Scientists have created a one-way sound machine.
The device, called an acoustic circulator, breaks the fundamental principle that sound, and other types of waves, are a two-way street.
The findings, published today (Jan. 30) in the journal Science, could lead to the sound equivalent of a one-way mirror. With such a device, people can hear someone talking, but they themselves cannot be heard. [The 9 Biggest Unsolved Mysteries in Physics]
All waves — whether visible light, sound, radio or otherwise — have a physical property known as time reversal symmetry. What that means is that a wave sent one way can always be sent back.
"If I am able to talk to you, you should be able to talk to me back," said study co-author Andrea Alù, an electrical engineer at the University of Texas at Austin.
For radio waves, researchers figured out how to break this rule using magnetic materials that set electrons spinning in one direction. The resulting radio waves detect the difference in the material in one direction versus the other, preventing reverse transmission. As a result, transmission towers can broadcast the top 40 hits, without having the radio waves bounce back.
But so far, researchers hadn't figured out how to complete the trick for other types of waves.
To accomplish the feat with sound waves, which are pressure oscillations in the air, the team created a cavity loaded with tiny CPU (central processing unit) fans that spin the air with a specific velocity. As sound waves go through the cavity, they are routed through one of three pipes (think of a sea star with the cavity in the center and each of the pipes is one of the sea star's appendages), each of which has a microphone at the end.

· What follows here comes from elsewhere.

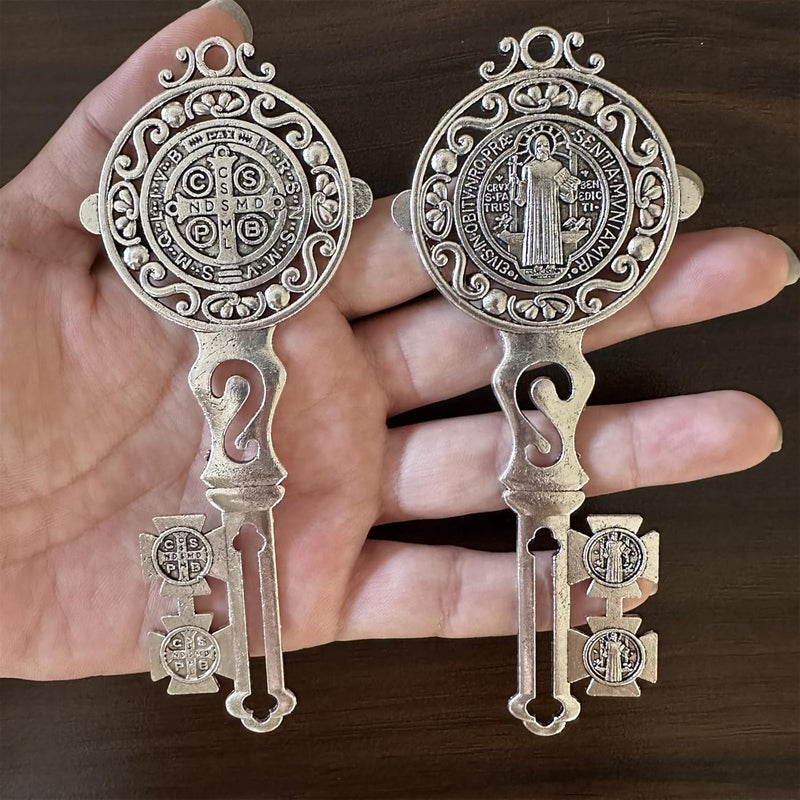 Bovemee 2 قطع / مجموعة ميدالية سانت بنديكت مزدوجة الجوانب 4.9 بوصة × 2.9 بوصة مفتاح البركة للحماية - ميدالية سان بنديكت حامل المنزل والباب - حامل حائط هدايا عيد الفصح الكاثوليكي - مفتاح سان بنديكت هدية (فضي) - Image 1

The air is spinning in one direction, so the flow of air "feels" different to the wave in one direction versus the other, preventing backward transmission. As a result, sound waves can go in, but they can't go the other way. The result is one-directional sound.
So, for instance, the listener at the end of the first pipe may send a sound signal to the second pipe, but the first pipe can't hear sound from the second. The second pipe may be able to send a signal to the third pipe, but not receive one.

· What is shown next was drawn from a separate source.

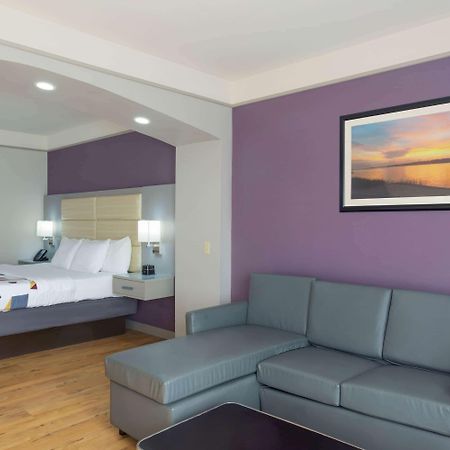 La Quinta By Wyndham Mobile - Daphne Hotel Kültér fotó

The new technique could be used to create the sound equivalent of one-way glass. There are some obviously stealthy ways to use the method, such as in spying devices.
"I can listen to you, but you cannot detect me back, you cannot hear my presence," Alù told LiveScience.
But the principle could also potentially be used to create one-way light waves.
The findings will likely lead to many useful applications, said Sebastien Guenneau, a metamaterials researcher at the Institut Fresnel in France, who was not involved in the study
"I would be surprised if sound industries do not pick up this idea," Guenneau told LiveScience. "This could have great applications in sound insulation of motorways, music studios, submarines and airplanes."